Will not go painlessly

But it will not go painlessly.

The Senate is not always known for voting completely along the party line and some decisions require a qualified majority, then Kamala Harris' casting vote is not enough.

In addition, Joe Biden will face opposition from both the powerful oil industry and unions who see that 100,000s of jobs will be lost in the greatest structural change ever.

Among Donald Trump's furious supporters, there are many who lost their jobs when factories moved abroad.

Joe Biden knows this.

He sees his green plan as an opportunity to accelerate the domestic manufacturing industry. 

"When I think of climate change, it's the word 'job' that comes to mind," he said.  

But in several states - which are dependent on oil, coal power and extraction of natural gas via so-called fracking - there is great uncertainty as to where the new jobs will come from. 

The challenges are enormous

Anyone who has been to the United States, the homeland of consumption and motoring, realizes that the challenges are enormous.

The United States has the world's largest historical carbon debt, 397 gigatons, calculated from 1750 onwards (China is second at 214 gigatons).

In order to zero their carbon dioxide emissions, fossil energy companies will suffer from carbon dioxide taxes in order to reduce profitability, the same development that has already taken place within the EU.

The coal industry is already on its knees and has declined by 44 percent during President Trump's term.  

But the new president of the United States wants more than that, he wants to regain leadership in the world towards sustainable development. 

His green transition plan is more comprehensive than the EU's and thus becomes a powerful signal to other countries.

Starts uphill

But the United States is starting uphill.

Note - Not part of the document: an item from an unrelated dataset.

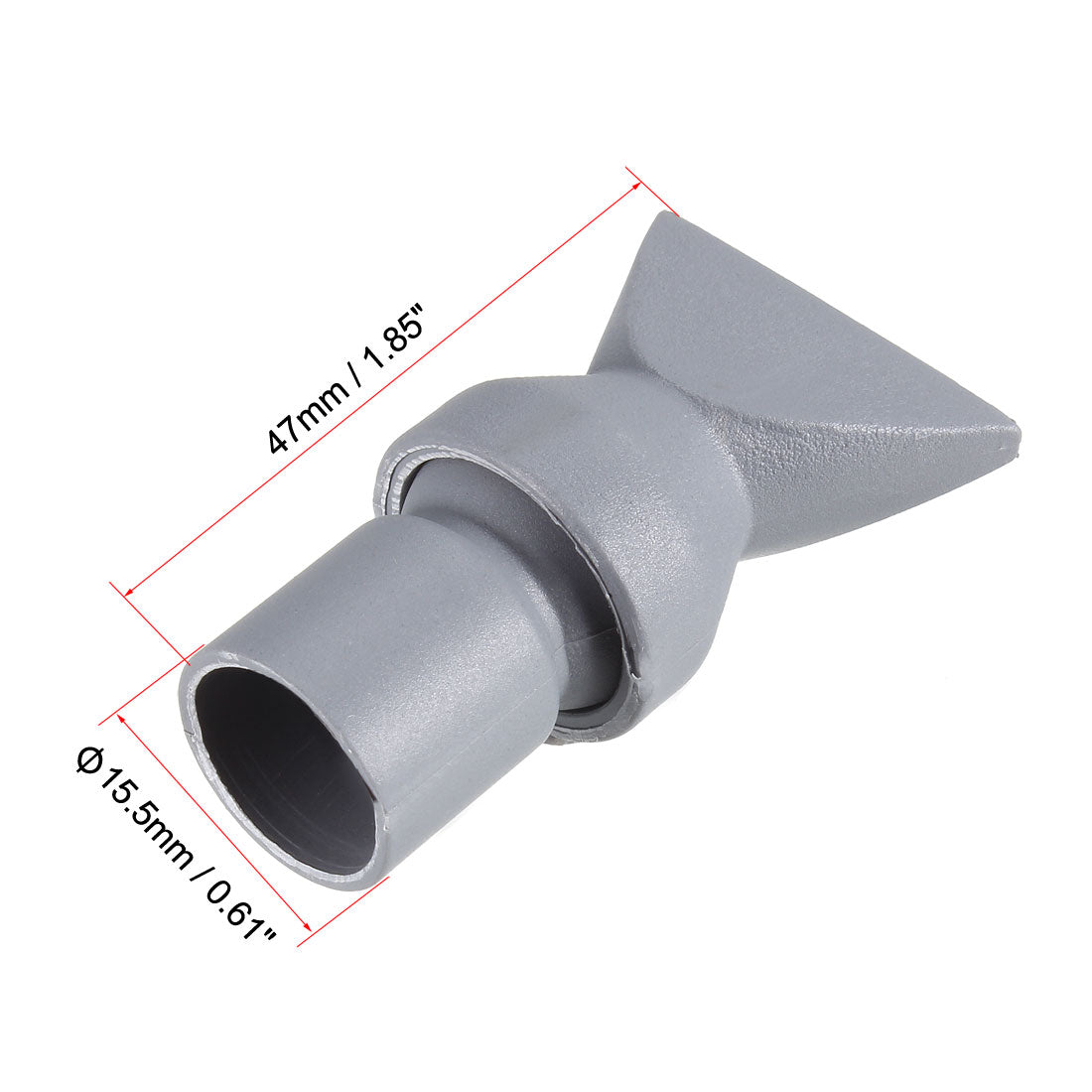 uxcell Uxcell Aquarium Nozzle Pump Nozzles Water Outlet Return Pipe Fitting Gray 15.5mmOD 2Pcs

When the United States re-enters the global arena, much has changed.

The United States is ranked as the worst in the world on climate policy, after Saudi Arabia, after Trump's time in the White House.

A global race to gain green market share is now underway.

China is investing heavily in becoming a leader in the electric car market.

The EU is planning for climate tariffs to punish the import of goods manufactured without environmental considerations.

Now the United States needs to find its place in a rapidly changing world where more and more banks and financial institutions are refusing to finance fossil energy projects.

Will be forced to higher ambitions

The United States will once again join the Paris Agreement and will thus be forced into a series of heightened ambitions.

The Paris Agreement is based on a review and tightening every five years.

This year, all countries will tighten their national commitments, as will the United States.

Joe Biden has promised that the United States will be carbon neutral by 2050, just like the EU and Japan.  

The Paris Agreement also includes a decision that rich countries will lead the fight against climate change and provide poor countries with technology and resources to deal with the climate crisis.

From 2020, $ 100 billion a year will be transferred from rich countries to developing countries.

The fact that the United States, as the world's richest country, is now included again is of the utmost importance for the transfer of resources to become a reality.  

A handful of votes in the state of Georgia are now paving the way for a green revolution in the United States.

More and more Americans say they notice climate change in their daily lives.

But it remains to be seen how powerful Joe Biden's opponents will be.